*Work task*
The entries below contain a stretch that opens with the line containing "San Francisco'da yağmurlu hava" and closes with the line containing "Hot Toys Avengers"; set down that stretch exactly, both ends included, and nothing else.
------ Input records
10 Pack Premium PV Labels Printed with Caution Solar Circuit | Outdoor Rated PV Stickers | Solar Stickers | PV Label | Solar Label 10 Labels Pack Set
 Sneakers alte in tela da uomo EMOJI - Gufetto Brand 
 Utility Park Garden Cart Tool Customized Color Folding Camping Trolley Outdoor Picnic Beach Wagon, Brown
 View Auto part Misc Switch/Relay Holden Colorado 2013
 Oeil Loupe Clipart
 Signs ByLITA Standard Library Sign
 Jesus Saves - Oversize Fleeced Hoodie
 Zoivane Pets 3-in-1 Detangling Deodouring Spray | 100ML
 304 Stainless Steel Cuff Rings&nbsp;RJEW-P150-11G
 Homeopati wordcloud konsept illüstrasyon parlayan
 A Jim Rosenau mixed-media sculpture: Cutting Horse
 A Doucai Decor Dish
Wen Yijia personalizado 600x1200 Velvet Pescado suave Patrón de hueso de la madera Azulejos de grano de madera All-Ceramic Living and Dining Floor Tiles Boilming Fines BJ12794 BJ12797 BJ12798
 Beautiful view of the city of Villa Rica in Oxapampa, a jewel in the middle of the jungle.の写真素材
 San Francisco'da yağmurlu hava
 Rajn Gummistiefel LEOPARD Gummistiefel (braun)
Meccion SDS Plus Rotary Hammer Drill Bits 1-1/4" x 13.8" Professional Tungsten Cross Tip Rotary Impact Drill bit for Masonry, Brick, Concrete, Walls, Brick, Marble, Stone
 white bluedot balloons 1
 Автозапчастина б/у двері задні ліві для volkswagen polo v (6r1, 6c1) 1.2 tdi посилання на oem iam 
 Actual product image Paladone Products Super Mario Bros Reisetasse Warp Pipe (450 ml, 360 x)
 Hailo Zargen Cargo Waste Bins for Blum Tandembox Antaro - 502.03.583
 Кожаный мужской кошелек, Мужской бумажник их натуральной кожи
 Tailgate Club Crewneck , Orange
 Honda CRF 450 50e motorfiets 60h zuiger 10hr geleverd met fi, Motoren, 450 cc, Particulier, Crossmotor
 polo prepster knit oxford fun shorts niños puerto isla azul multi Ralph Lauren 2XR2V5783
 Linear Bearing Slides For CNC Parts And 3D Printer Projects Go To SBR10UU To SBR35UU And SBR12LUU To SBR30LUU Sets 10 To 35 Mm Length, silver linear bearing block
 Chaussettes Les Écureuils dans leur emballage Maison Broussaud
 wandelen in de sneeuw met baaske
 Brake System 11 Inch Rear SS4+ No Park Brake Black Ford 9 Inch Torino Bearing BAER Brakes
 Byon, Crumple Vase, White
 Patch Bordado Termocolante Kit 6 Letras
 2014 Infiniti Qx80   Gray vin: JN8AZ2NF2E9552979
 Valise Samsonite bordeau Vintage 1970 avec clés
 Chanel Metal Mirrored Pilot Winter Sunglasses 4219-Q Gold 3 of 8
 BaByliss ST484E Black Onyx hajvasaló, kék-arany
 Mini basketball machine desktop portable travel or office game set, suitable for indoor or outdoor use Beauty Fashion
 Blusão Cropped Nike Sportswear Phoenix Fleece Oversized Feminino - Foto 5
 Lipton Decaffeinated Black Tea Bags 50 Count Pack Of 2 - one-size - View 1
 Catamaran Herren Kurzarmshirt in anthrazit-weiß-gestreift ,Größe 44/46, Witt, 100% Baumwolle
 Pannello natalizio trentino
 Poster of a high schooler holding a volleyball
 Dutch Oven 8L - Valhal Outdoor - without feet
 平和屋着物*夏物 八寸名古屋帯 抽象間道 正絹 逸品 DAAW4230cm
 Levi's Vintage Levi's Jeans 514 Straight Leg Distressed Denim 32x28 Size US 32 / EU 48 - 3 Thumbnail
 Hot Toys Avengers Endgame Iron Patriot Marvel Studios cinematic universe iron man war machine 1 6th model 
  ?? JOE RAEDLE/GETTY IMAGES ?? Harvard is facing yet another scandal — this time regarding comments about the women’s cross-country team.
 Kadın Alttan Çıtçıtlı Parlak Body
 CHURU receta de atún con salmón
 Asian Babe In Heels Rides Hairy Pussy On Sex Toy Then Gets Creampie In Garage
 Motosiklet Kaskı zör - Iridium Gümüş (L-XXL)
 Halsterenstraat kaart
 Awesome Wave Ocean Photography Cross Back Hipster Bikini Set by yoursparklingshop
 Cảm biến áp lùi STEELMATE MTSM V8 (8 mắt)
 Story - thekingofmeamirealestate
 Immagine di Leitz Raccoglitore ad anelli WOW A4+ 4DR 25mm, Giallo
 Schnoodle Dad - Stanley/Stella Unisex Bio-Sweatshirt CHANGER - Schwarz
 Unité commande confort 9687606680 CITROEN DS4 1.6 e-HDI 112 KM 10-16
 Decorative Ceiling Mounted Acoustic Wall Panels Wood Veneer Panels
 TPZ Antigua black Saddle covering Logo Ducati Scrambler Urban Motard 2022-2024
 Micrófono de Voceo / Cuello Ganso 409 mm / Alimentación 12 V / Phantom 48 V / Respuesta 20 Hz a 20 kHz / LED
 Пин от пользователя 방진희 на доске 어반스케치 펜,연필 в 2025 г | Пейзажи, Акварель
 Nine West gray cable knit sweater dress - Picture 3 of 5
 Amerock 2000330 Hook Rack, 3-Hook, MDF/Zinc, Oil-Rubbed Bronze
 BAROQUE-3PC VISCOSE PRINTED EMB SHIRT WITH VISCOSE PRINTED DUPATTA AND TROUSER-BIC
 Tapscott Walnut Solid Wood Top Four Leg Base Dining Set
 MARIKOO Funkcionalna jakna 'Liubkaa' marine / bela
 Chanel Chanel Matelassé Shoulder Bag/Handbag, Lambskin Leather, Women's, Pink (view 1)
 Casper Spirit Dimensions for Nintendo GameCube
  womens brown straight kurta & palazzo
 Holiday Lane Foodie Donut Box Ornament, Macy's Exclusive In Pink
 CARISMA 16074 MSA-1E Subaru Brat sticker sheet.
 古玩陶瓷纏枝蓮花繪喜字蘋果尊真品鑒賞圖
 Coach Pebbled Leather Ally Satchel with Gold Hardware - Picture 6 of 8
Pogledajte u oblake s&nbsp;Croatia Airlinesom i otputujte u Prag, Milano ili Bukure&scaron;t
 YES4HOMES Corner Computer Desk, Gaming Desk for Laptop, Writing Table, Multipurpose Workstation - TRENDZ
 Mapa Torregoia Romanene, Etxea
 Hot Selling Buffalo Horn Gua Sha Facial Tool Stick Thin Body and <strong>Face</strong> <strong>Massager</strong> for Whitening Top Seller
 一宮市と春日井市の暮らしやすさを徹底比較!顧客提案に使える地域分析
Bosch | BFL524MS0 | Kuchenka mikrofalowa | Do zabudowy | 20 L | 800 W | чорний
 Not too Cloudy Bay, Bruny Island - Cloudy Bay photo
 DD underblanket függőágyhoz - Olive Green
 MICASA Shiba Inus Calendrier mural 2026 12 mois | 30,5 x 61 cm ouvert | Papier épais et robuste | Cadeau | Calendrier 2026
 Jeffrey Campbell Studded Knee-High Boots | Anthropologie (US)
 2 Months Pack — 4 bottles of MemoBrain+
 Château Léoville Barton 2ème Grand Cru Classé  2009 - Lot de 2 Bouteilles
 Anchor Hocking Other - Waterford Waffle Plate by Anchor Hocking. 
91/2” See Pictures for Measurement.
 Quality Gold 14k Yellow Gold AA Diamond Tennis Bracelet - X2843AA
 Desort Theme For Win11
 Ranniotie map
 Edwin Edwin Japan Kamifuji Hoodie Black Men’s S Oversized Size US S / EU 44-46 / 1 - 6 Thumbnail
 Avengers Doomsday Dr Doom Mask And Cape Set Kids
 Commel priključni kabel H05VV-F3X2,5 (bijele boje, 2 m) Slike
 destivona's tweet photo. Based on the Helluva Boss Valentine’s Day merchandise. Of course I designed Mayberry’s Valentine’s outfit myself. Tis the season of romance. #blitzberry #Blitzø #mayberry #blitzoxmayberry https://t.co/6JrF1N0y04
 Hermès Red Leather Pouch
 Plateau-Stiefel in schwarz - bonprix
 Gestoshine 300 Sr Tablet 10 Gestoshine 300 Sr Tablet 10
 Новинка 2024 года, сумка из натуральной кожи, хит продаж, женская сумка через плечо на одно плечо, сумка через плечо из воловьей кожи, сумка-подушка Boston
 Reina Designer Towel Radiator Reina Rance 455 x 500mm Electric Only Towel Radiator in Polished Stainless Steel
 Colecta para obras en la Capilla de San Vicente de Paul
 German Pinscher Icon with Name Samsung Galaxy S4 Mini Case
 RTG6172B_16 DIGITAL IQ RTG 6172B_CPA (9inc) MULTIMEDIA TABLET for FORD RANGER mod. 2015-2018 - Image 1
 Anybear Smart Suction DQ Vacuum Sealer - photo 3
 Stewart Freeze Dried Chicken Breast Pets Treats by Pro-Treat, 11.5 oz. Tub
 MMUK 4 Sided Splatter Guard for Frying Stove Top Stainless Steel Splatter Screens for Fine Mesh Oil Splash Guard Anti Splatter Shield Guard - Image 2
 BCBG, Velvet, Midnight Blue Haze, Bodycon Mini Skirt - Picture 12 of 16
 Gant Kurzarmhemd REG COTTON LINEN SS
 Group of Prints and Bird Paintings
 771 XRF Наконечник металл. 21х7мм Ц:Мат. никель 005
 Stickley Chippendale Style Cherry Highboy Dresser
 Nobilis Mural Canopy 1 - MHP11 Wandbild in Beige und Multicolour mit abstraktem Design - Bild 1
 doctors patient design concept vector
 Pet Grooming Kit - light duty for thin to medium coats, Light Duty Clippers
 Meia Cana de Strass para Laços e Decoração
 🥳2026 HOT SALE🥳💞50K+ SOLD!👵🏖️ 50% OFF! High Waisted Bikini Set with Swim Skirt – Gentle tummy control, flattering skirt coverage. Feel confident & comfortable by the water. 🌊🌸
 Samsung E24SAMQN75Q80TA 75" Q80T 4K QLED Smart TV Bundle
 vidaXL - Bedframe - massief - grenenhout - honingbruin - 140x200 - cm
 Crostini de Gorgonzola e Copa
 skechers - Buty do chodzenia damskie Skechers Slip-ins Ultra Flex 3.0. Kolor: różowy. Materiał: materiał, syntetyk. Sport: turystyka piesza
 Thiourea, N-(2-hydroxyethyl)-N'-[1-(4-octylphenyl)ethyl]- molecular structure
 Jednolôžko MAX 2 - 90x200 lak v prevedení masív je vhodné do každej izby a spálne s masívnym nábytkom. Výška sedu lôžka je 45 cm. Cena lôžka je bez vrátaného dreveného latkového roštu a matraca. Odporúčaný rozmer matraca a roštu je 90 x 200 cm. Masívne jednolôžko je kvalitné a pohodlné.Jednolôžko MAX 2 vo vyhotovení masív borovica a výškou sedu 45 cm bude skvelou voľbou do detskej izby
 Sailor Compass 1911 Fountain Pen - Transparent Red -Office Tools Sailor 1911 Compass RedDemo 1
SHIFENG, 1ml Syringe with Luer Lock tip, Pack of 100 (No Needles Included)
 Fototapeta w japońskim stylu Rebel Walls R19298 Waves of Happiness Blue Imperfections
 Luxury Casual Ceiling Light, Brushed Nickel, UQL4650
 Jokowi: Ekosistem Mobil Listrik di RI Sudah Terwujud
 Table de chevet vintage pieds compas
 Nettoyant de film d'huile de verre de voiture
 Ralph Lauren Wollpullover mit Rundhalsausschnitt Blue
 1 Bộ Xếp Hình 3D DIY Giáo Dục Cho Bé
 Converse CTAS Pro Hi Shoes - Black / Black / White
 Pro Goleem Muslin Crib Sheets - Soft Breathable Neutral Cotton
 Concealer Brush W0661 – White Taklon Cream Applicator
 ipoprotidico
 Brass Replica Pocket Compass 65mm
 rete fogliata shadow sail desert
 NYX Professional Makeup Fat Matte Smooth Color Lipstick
------------
*Final answer*
 San Francisco'da yağmurlu hava
 Rajn Gummistiefel LEOPARD Gummistiefel (braun)
Meccion SDS Plus Rotary Hammer Drill Bits 1-1/4" x 13.8" Professional Tungsten Cross Tip Rotary Impact Drill bit for Masonry, Brick, Concrete, Walls, Brick, Marble, Stone
 white bluedot balloons 1
 Автозапчастина б/у двері задні ліві для volkswagen polo v (6r1, 6c1) 1.2 tdi посилання на oem iam 
 Actual product image Paladone Products Super Mario Bros Reisetasse Warp Pipe (450 ml, 360 x)
 Hailo Zargen Cargo Waste Bins for Blum Tandembox Antaro - 502.03.583
 Кожаный мужской кошелек, Мужской бумажник их натуральной кожи
 Tailgate Club Crewneck , Orange
 Honda CRF 450 50e motorfiets 60h zuiger 10hr geleverd met fi, Motoren, 450 cc, Particulier, Crossmotor
 polo prepster knit oxford fun shorts niños puerto isla azul multi Ralph Lauren 2XR2V5783
 Linear Bearing Slides For CNC Parts And 3D Printer Projects Go To SBR10UU To SBR35UU And SBR12LUU To SBR30LUU Sets 10 To 35 Mm Length, silver linear bearing block
 Chaussettes Les Écureuils dans leur emballage Maison Broussaud
 wandelen in de sneeuw met baaske
 Brake System 11 Inch Rear SS4+ No Park Brake Black Ford 9 Inch Torino Bearing BAER Brakes
 Byon, Crumple Vase, White
 Patch Bordado Termocolante Kit 6 Letras
 2014 Infiniti Qx80   Gray vin: JN8AZ2NF2E9552979
 Valise Samsonite bordeau Vintage 1970 avec clés
 Chanel Metal Mirrored Pilot Winter Sunglasses 4219-Q Gold 3 of 8
 BaByliss ST484E Black Onyx hajvasaló, kék-arany
 Mini basketball machine desktop portable travel or office game set, suitable for indoor or outdoor use Beauty Fashion
 Blusão Cropped Nike Sportswear Phoenix Fleece Oversized Feminino - Foto 5
 Lipton Decaffeinated Black Tea Bags 50 Count Pack Of 2 - one-size - View 1
 Catamaran Herren Kurzarmshirt in anthrazit-weiß-gestreift ,Größe 44/46, Witt, 100% Baumwolle
 Pannello natalizio trentino
 Poster of a high schooler holding a volleyball
 Dutch Oven 8L - Valhal Outdoor - without feet
 平和屋着物*夏物 八寸名古屋帯 抽象間道 正絹 逸品 DAAW4230cm
 Levi's Vintage Levi's Jeans 514 Straight Leg Distressed Denim 32x28 Size US 32 / EU 48 - 3 Thumbnail
 Hot Toys Avengers Endgame Iron Patriot Marvel Studios cinematic universe iron man war machine 1 6th model 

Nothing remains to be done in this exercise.